Well you have it, my friend! Download this Overlay Fade style for ArcGIS Pro.
After downloading the style file, go to your Pro project’s “Styles” section in the Catalog, right-click and choose Add. Pow!
Now you have a hammer in search of a nail. Here’s how to make an overlay polygon…
Creating an Overlay Polygon
Here is the lovely Grand Canyon…
And here is a polygon of the Grand Canyon National Park, courtesy the wonderful folks at the NPS.
Let’s say we want to visually promote the park with a snazzy faded vignette overlay sort of thing. I need the exact opposite of this polygon. Like the leftover dough after a cookie cutter has harvested all the fun cookie shapes from it. No problem. I’ve added a super simple, profoundly useful, polygon that covers the whole world. Download it here.
Then I fire up the Erase tool, and tell it to punch the Grand Canyon right out of the dough—er polygon.
The result is a handy polygon of NOT Grand Canyon National Park.
Making it Look Awesome
Ok, we have an overlay polygon! Let’s say I want this overlay to have a nice faded soft edge. Not so abrupt as the default crispness of a solid fill. Well, since I’ve added this Overlay Fade style to my project I’ve got a bunch of options in the symbology panel’s gallery. I’ve chosen a solid background with a wide feathered edge.
Cool! Now, I still have my original polygon of the park boundary. So I can use that to give a nice crisp reference to the park’s edge. Have my cake and eat it too, sort of thing.
Cake. Sorry, where was I? Oh, right, overlay graphics. Ok, I’ve got a snazzy soft overlay drawing attention to my area of interest by fading away all that peripheral noise of the surrounding area. But what if I want to bring back just a bit of the background, for context? Got you covered. Here it is with a faint fill selected.
The white options look better over light maps while the black options look good over darker more complex maps. But you’ll do what you feel is right. Here is a map of the Grand Canyon using imagery instead of a light hillshade, so I’ve chosen a faint black overlay symbol.
If you need an overlay color other than black or white, then more power to you! Do this by opening up the symbology panel’s Properties > Symbol tab and make it whatever color/transparency you like.
Orange? Hey, whatever you need. It’s your map!
There’s loads you can do with this hacky little style. I have a clipped out USA polygon I like to use for some USA maps. Here’s what it looks like as a faded overlay…

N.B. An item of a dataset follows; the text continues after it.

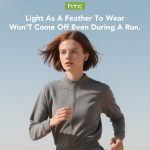 HTC NE20 AI Translator Headset with Real-Time Translation in 131+ Languages, Wireless 6.0 Wireless, Long-Lasting Battery, Touch Control, Smart LCD Screen, Gaming Mode, Compatible with PC/Phone/Tablet - for Travel, Gaming, Business, Everyday Use - Lightweight AI Translation Earbuds, Business Communication, Modern Earbuds, Premium Sound Quality, Multilingual Speakers - Image 4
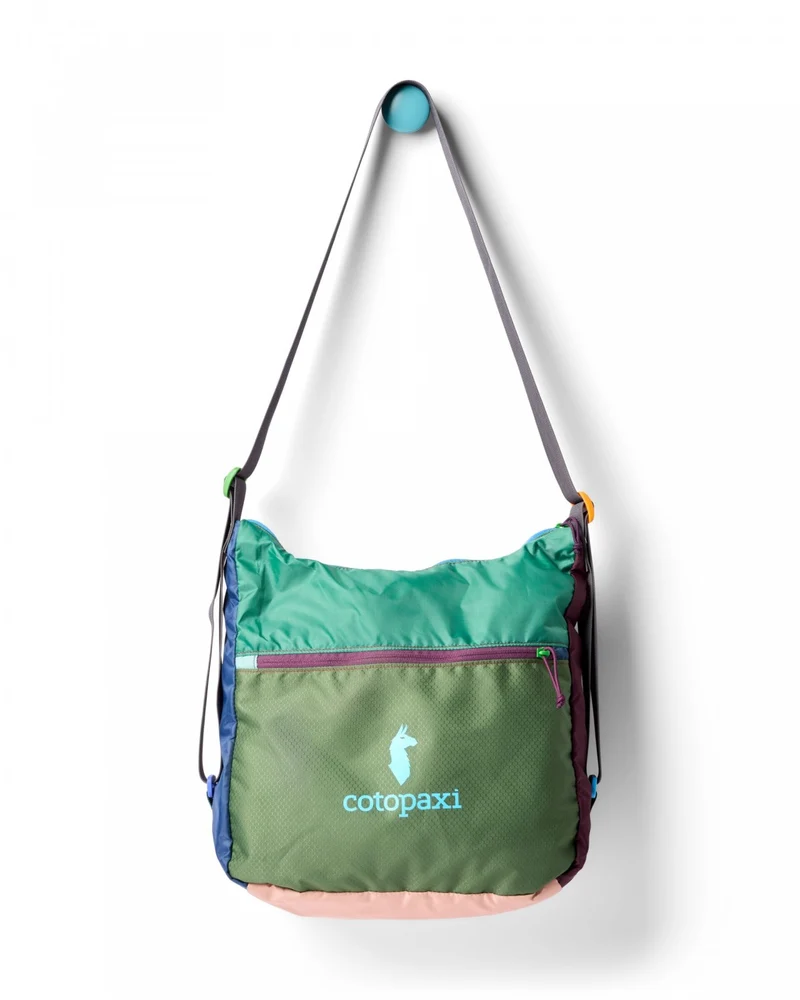 TAAL CONVERTIBLE TOTE - Del Dìa - COTOPAXI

My illustrious colleague Heather Smith suggested it as useful for map subjects that have soft borders. Like a desert. Who decides that one side of a boundary is desert and the other is desert? Eh, that’s just a construct reinforced by the default design constraint of a crisp edge. Sometimes borders really are fuzzy.
And what’s a better example of an overlay than an ocean polygon! It’s the ultimate not-land overlay!
Anyway, consider this humble resource to add some…nuance to your crisp polygon borders. Real life is sometime more blurry than confident. And sometimes you just want your map’s subject area to shine a little more brightly than its surroundings.